| Task description |
Transcribe the entries below exactly, starting with the line that has "Apel Persada, Polres" and stopping after the line that has "Nissan Pathfinder 2.5 DCi Elegance - 28"; no pictures belong in the copy.

| Exercise materials |
_ _ _ _ _ _ _
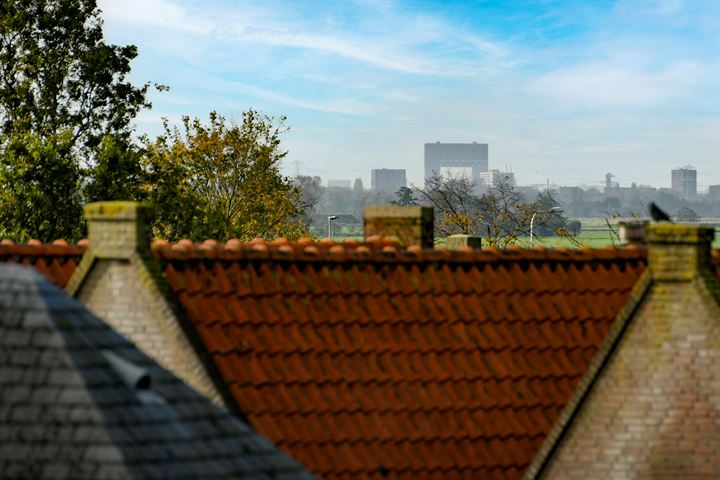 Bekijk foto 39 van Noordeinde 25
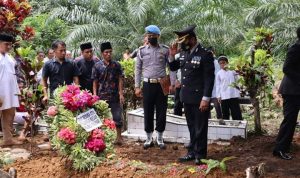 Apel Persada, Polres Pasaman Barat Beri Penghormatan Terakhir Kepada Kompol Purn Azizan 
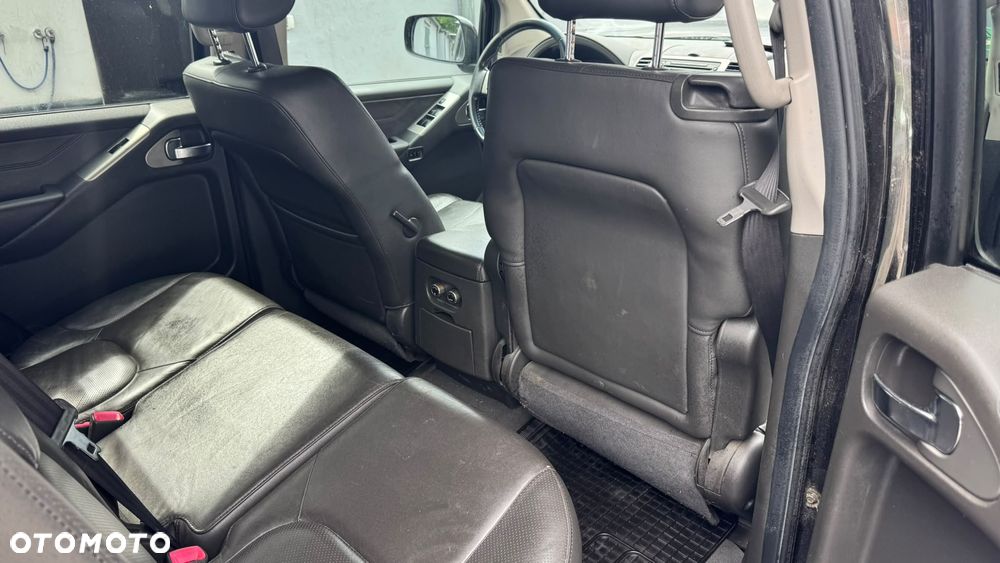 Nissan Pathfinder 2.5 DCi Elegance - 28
_ _ _ _ _ _ _
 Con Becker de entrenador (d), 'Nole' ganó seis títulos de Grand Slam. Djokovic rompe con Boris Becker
_ _ _ _ _ _ _
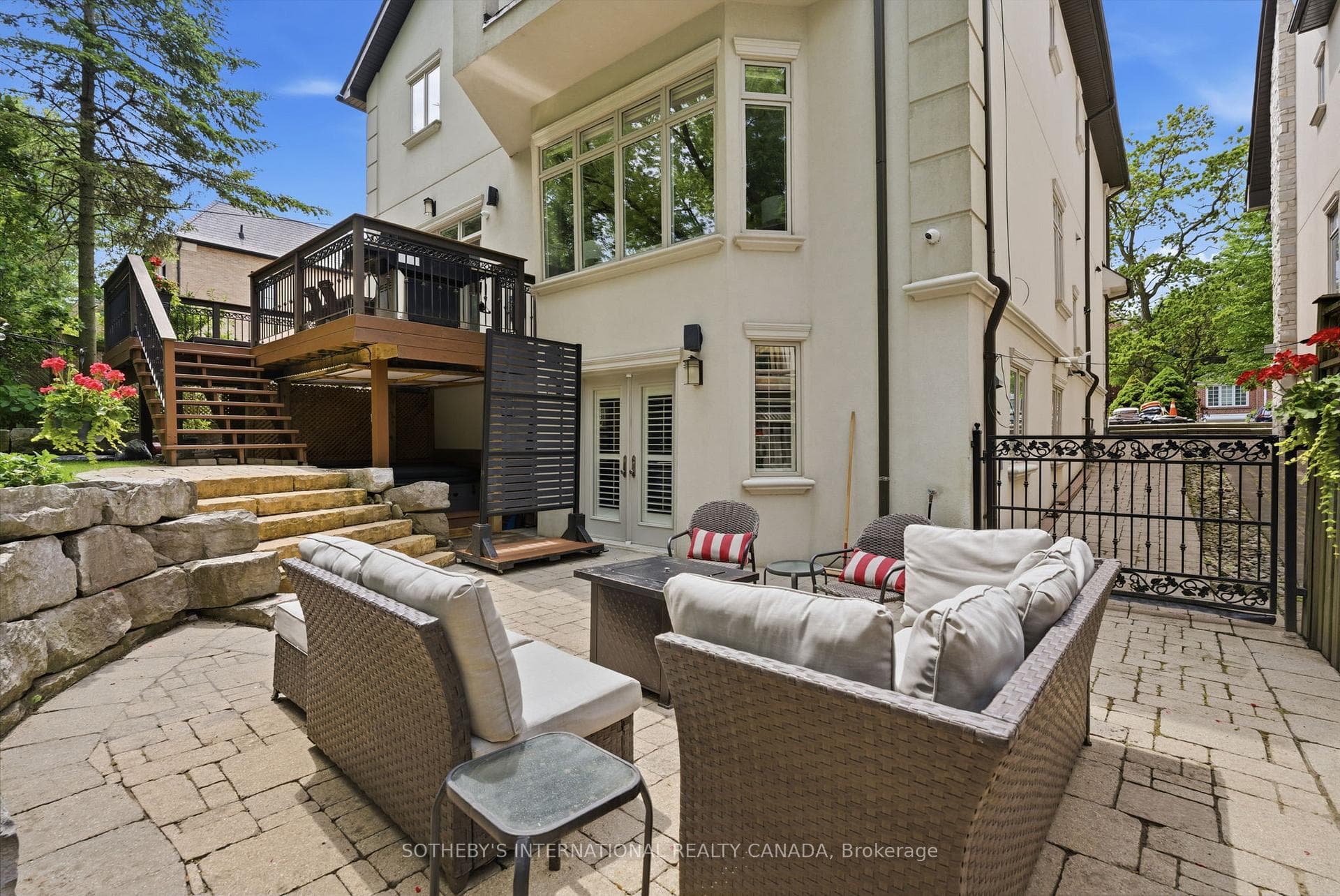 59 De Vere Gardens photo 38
_ _ _ _ _ _ _
| Answer for this exercise |
 Apel Persada, Polres Pasaman Barat Beri Penghormatan Terakhir Kepada Kompol Purn Azizan 
 Nissan Pathfinder 2.5 DCi Elegance - 28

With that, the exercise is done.